> **Work instructions**
Using the material below, return exactly the lines between the one holding "5535 Highland Trl — Photo 12" and the one holding "в летнем лагере", inclusive, and no others.

> **Input records**
===









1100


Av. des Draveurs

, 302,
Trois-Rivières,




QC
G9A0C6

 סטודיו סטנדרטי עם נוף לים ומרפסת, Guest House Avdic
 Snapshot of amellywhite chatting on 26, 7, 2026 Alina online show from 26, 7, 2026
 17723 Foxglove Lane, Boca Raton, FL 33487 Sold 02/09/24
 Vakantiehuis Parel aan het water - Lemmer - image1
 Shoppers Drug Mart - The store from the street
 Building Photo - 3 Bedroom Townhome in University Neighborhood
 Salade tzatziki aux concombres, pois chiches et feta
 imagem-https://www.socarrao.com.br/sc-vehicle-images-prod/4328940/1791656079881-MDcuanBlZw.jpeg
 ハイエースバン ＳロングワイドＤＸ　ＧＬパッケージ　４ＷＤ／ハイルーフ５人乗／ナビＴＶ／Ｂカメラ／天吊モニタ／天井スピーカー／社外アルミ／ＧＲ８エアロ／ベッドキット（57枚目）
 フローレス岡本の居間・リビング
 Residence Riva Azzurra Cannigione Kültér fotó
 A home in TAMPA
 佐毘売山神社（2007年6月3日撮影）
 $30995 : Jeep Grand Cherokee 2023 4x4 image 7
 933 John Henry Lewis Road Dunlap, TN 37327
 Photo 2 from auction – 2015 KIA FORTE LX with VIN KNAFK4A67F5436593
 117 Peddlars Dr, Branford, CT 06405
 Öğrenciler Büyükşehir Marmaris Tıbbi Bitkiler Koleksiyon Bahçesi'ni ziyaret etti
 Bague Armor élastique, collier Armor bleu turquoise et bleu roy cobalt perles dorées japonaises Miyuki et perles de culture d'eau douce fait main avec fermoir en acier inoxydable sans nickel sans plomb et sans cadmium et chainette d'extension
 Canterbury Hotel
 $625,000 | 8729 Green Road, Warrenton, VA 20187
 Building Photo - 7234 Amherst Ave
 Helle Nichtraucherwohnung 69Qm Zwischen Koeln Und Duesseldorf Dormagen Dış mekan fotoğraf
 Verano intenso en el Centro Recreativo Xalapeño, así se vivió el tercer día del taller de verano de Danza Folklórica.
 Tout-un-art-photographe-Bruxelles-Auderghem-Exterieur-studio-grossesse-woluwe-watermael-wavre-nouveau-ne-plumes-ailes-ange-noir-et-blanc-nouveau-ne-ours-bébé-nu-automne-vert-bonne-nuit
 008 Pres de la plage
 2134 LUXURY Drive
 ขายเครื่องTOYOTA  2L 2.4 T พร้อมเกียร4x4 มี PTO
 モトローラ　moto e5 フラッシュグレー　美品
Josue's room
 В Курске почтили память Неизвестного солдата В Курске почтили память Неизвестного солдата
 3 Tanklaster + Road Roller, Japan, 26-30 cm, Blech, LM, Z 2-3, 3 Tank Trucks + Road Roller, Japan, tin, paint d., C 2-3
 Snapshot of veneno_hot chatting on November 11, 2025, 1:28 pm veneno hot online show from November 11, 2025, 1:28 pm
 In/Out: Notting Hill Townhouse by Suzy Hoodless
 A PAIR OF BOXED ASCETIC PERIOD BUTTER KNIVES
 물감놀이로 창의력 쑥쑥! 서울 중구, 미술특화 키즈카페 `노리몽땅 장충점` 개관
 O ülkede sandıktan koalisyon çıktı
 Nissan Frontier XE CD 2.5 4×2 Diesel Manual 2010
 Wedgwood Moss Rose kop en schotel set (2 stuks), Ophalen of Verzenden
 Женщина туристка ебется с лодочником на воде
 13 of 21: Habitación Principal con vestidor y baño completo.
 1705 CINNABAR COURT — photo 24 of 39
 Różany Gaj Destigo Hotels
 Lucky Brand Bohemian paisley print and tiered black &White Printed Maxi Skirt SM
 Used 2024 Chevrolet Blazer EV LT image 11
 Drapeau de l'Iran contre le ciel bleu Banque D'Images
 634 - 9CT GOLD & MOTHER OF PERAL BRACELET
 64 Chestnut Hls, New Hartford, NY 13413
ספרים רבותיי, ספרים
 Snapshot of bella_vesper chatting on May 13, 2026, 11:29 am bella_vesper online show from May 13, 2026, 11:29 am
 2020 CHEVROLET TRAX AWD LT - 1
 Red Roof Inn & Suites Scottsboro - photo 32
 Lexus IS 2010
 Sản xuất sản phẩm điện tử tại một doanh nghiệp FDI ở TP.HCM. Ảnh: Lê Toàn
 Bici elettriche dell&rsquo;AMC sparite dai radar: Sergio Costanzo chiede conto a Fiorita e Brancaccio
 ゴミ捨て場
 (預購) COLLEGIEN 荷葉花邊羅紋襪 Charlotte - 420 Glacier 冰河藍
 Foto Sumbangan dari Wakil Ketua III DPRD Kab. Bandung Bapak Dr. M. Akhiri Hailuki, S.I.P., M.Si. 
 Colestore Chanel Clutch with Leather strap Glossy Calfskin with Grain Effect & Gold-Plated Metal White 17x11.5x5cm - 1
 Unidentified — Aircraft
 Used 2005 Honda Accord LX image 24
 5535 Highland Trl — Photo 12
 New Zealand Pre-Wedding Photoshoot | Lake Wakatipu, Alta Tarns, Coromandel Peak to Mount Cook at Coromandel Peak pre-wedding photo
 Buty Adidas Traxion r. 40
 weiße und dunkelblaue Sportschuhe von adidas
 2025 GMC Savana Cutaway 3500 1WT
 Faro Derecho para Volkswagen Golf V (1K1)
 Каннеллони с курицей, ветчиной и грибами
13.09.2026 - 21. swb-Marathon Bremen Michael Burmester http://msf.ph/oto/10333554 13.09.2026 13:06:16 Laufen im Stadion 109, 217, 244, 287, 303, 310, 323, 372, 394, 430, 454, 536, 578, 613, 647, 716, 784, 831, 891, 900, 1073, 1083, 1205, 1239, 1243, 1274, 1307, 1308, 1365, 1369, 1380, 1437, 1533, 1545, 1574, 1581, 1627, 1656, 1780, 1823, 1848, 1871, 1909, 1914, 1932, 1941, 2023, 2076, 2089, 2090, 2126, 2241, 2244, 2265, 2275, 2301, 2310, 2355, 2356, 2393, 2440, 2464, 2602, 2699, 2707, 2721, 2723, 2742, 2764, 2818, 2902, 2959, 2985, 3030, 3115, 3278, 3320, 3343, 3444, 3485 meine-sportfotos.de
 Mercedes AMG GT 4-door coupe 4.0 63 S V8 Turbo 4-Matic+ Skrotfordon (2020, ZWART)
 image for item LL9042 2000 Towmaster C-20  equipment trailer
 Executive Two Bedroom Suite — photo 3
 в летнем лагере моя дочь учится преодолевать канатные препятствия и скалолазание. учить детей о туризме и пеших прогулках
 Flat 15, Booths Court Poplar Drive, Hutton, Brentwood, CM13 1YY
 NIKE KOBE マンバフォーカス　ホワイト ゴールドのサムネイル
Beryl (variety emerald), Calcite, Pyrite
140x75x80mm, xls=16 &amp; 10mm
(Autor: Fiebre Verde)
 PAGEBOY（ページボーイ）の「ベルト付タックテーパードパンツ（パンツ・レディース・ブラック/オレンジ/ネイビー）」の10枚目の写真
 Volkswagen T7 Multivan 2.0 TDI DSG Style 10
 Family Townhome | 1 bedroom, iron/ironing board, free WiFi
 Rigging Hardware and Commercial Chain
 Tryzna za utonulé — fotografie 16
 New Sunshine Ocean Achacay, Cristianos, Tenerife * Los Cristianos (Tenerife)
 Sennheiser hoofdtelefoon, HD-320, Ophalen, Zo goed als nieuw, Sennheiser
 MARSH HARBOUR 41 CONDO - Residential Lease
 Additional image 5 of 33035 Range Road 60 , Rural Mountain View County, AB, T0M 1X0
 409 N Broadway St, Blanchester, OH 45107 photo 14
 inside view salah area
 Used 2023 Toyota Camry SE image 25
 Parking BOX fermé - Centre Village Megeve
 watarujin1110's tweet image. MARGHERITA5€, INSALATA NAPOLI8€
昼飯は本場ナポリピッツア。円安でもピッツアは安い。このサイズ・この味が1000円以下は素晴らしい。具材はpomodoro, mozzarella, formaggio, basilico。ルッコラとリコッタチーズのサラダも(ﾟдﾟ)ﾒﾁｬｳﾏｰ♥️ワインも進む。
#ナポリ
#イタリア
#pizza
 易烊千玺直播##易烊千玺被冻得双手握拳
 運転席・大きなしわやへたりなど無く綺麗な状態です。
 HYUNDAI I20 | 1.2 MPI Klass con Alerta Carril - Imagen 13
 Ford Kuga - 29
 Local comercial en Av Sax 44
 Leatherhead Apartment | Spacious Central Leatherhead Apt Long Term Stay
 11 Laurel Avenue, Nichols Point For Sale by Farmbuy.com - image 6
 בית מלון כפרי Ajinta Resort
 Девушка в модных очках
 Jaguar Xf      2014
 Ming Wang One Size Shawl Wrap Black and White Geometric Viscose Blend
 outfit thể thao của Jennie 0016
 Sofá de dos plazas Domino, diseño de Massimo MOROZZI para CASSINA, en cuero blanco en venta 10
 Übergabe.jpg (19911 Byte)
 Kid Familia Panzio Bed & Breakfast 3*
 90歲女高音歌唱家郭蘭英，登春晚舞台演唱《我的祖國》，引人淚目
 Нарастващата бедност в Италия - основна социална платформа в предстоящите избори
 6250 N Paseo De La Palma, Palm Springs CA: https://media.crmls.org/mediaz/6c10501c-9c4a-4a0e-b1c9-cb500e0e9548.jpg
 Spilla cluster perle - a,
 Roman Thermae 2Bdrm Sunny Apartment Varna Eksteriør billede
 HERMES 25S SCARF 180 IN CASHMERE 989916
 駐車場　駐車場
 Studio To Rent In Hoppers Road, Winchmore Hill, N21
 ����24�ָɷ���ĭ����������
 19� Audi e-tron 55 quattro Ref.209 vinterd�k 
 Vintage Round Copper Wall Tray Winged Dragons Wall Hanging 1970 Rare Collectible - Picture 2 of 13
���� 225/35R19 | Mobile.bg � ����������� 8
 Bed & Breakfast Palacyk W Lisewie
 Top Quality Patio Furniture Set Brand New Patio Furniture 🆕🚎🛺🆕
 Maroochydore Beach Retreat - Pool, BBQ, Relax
===
> **Exercise response**
 5535 Highland Trl — Photo 12
 New Zealand Pre-Wedding Photoshoot | Lake Wakatipu, Alta Tarns, Coromandel Peak to Mount Cook at Coromandel Peak pre-wedding photo
 Buty Adidas Traxion r. 40
 weiße und dunkelblaue Sportschuhe von adidas
 2025 GMC Savana Cutaway 3500 1WT
 Faro Derecho para Volkswagen Golf V (1K1)
 Каннеллони с курицей, ветчиной и грибами
13.09.2026 - 21. swb-Marathon Bremen Michael Burmester http://msf.ph/oto/10333554 13.09.2026 13:06:16 Laufen im Stadion 109, 217, 244, 287, 303, 310, 323, 372, 394, 430, 454, 536, 578, 613, 647, 716, 784, 831, 891, 900, 1073, 1083, 1205, 1239, 1243, 1274, 1307, 1308, 1365, 1369, 1380, 1437, 1533, 1545, 1574, 1581, 1627, 1656, 1780, 1823, 1848, 1871, 1909, 1914, 1932, 1941, 2023, 2076, 2089, 2090, 2126, 2241, 2244, 2265, 2275, 2301, 2310, 2355, 2356, 2393, 2440, 2464, 2602, 2699, 2707, 2721, 2723, 2742, 2764, 2818, 2902, 2959, 2985, 3030, 3115, 3278, 3320, 3343, 3444, 3485 meine-sportfotos.de
 Mercedes AMG GT 4-door coupe 4.0 63 S V8 Turbo 4-Matic+ Skrotfordon (2020, ZWART)
 image for item LL9042 2000 Towmaster C-20  equipment trailer
 Executive Two Bedroom Suite — photo 3
 в летнем лагере моя дочь учится преодолевать канатные препятствия и скалолазание. учить детей о туризме и пеших прогулках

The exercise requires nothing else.